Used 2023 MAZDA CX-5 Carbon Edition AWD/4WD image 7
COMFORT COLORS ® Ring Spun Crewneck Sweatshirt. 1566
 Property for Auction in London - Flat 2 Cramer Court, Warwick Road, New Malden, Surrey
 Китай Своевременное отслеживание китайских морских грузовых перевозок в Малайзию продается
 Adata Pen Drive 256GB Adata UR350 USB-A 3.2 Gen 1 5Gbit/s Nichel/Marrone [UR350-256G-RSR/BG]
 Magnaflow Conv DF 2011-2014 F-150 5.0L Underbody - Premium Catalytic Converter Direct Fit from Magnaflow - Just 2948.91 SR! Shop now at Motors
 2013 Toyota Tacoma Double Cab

# # # #

--- PROBLEM TO SOLVE ---
Output only the lines running from the line with "Adata Pen Drive" through the final line of the data, inclusive.

--- SOLVED PROBLEM ---
 Adata Pen Drive 256GB Adata UR350 USB-A 3.2 Gen 1 5Gbit/s Nichel/Marrone [UR350-256G-RSR/BG]
 Magnaflow Conv DF 2011-2014 F-150 5.0L Underbody - Premium Catalytic Converter Direct Fit from Magnaflow - Just 2948.91 SR! Shop now at Motors
 2013 Toyota Tacoma Double Cab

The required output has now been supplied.